What the task requires: Using the entries below, show all lines with the string "Ferienhaus".

═════ Data section ═════

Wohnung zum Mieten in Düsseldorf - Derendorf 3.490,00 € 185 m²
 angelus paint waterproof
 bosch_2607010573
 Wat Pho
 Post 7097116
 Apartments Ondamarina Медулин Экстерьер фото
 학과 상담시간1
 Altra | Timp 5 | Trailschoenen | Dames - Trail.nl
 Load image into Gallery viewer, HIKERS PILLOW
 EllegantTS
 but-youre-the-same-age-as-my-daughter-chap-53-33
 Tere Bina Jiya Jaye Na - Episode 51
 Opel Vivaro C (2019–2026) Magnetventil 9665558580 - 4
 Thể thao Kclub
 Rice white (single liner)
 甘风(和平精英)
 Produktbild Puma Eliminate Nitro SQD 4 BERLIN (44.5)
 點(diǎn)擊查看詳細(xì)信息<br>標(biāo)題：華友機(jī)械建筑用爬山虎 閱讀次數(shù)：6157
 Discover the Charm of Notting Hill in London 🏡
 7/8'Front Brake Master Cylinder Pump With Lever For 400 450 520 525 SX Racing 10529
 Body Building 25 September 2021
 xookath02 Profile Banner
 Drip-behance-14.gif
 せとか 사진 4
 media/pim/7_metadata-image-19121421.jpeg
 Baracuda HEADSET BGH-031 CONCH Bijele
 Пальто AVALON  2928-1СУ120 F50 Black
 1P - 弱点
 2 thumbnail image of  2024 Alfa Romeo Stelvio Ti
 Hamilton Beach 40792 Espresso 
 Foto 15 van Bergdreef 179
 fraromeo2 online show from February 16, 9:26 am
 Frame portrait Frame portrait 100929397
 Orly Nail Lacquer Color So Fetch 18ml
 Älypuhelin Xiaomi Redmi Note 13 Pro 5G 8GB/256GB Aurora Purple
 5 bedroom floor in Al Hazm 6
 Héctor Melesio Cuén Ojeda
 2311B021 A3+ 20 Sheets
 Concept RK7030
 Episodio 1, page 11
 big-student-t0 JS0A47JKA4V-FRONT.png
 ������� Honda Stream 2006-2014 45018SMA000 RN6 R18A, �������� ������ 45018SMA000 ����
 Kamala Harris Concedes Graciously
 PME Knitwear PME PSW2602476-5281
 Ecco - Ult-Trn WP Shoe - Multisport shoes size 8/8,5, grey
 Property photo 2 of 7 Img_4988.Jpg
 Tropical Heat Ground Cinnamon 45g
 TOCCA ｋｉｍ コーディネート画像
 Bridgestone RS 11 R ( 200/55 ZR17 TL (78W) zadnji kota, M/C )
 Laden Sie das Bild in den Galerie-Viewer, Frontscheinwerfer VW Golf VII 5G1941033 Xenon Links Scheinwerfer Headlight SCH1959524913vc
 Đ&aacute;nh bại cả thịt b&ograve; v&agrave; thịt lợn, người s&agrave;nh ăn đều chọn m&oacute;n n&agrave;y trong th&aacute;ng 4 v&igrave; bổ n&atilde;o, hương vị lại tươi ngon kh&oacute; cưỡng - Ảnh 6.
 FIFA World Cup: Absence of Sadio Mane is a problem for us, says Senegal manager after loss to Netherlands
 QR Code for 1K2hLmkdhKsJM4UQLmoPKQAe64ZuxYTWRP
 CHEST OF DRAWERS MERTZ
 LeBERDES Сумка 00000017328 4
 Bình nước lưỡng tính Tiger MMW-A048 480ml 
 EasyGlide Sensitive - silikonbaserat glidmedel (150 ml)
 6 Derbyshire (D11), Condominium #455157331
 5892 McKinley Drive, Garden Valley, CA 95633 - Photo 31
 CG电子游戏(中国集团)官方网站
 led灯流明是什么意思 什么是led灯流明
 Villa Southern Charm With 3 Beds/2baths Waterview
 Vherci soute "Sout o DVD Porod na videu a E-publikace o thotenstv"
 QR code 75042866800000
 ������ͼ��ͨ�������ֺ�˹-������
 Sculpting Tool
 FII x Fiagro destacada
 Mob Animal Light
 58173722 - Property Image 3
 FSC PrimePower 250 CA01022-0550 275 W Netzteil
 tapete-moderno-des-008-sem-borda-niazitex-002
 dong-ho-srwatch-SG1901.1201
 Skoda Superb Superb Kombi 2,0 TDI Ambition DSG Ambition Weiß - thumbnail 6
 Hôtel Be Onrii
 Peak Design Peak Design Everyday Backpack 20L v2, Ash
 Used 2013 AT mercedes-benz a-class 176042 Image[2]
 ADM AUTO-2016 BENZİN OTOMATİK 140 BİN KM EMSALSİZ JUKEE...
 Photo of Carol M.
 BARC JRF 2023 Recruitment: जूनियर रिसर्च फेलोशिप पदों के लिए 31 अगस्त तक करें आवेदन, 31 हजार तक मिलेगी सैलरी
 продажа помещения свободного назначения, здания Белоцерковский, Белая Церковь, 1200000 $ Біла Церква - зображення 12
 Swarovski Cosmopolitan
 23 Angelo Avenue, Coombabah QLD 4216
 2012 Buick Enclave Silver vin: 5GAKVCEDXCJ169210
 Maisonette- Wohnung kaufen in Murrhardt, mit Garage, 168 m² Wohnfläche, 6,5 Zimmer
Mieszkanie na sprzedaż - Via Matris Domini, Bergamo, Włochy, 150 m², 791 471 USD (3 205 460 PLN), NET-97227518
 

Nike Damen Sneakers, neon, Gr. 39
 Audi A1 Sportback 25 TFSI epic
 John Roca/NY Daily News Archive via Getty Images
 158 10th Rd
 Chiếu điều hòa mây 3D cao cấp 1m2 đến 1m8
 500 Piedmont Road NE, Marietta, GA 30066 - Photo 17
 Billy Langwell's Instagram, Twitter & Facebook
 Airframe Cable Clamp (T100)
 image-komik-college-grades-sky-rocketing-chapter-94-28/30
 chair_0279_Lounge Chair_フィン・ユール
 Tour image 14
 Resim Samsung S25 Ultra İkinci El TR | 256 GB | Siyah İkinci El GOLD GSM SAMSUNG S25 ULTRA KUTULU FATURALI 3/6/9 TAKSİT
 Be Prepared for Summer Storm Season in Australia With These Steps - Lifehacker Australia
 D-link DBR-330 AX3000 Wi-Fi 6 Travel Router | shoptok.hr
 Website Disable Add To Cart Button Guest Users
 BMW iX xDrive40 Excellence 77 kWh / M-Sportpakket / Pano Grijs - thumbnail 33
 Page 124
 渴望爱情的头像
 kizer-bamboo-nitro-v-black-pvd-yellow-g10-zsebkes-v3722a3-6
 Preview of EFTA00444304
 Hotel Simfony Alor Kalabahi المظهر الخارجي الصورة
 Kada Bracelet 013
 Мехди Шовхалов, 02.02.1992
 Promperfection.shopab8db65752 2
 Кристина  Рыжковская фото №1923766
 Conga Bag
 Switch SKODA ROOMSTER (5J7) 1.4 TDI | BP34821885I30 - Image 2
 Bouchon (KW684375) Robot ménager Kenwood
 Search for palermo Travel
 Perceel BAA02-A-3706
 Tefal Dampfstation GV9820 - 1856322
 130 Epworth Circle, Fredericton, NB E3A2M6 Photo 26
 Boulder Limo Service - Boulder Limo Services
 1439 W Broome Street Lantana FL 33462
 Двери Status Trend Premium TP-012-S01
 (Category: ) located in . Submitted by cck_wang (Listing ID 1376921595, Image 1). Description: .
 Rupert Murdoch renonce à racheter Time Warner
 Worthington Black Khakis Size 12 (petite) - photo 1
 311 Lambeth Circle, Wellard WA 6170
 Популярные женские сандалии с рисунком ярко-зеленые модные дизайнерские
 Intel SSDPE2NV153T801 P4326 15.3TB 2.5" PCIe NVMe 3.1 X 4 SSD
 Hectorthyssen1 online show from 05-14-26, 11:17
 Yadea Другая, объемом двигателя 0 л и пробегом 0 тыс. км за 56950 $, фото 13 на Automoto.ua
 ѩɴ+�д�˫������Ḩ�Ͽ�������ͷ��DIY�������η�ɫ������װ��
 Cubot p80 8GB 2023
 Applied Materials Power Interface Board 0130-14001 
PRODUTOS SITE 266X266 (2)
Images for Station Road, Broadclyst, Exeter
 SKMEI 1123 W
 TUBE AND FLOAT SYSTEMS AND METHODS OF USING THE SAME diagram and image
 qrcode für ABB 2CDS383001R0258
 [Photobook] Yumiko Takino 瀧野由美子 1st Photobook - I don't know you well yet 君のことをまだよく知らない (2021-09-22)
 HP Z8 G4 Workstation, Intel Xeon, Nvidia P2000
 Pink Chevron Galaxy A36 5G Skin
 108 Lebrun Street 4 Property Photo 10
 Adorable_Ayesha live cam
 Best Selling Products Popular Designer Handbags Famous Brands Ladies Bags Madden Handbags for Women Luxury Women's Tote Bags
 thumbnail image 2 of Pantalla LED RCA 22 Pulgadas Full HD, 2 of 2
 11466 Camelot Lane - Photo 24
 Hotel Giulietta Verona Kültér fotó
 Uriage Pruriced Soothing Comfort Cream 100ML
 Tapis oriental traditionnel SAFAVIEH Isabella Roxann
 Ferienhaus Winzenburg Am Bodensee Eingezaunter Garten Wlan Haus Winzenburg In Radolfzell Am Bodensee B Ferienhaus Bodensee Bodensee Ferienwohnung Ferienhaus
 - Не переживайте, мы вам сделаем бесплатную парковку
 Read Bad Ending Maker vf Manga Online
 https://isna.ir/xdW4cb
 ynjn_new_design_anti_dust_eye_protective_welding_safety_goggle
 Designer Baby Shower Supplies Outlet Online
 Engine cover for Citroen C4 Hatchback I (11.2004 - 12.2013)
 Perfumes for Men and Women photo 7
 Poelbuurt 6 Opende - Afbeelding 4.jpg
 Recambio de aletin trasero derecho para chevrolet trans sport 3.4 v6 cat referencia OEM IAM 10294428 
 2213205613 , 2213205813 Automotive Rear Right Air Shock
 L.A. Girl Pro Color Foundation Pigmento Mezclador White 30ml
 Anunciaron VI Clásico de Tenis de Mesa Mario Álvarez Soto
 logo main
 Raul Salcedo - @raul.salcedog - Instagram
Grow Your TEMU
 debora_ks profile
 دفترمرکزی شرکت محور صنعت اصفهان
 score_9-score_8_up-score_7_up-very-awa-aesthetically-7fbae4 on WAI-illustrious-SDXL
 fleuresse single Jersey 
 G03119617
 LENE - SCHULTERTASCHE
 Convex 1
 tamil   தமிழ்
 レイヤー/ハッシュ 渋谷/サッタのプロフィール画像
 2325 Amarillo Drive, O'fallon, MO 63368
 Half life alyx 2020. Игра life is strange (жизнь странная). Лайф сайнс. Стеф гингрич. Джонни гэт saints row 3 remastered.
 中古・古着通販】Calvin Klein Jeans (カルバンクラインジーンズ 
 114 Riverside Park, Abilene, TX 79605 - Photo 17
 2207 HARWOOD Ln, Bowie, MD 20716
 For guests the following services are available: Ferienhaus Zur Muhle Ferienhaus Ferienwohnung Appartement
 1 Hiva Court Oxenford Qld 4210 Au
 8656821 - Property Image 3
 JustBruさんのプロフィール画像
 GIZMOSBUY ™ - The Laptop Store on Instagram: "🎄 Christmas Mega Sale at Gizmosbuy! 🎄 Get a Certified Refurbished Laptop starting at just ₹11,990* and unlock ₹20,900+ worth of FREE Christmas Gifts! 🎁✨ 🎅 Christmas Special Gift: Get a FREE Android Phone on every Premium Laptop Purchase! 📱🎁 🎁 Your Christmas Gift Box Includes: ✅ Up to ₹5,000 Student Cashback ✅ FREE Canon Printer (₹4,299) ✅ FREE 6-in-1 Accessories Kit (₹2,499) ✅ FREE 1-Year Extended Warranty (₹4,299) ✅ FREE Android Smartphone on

═════

Expected output:
 Ferienhaus Winzenburg Am Bodensee Eingezaunter Garten Wlan Haus Winzenburg In Radolfzell Am Bodensee B Ferienhaus Bodensee Bodensee Ferienwohnung Ferienhaus
 For guests the following services are available: Ferienhaus Zur Muhle Ferienhaus Ferienwohnung Appartement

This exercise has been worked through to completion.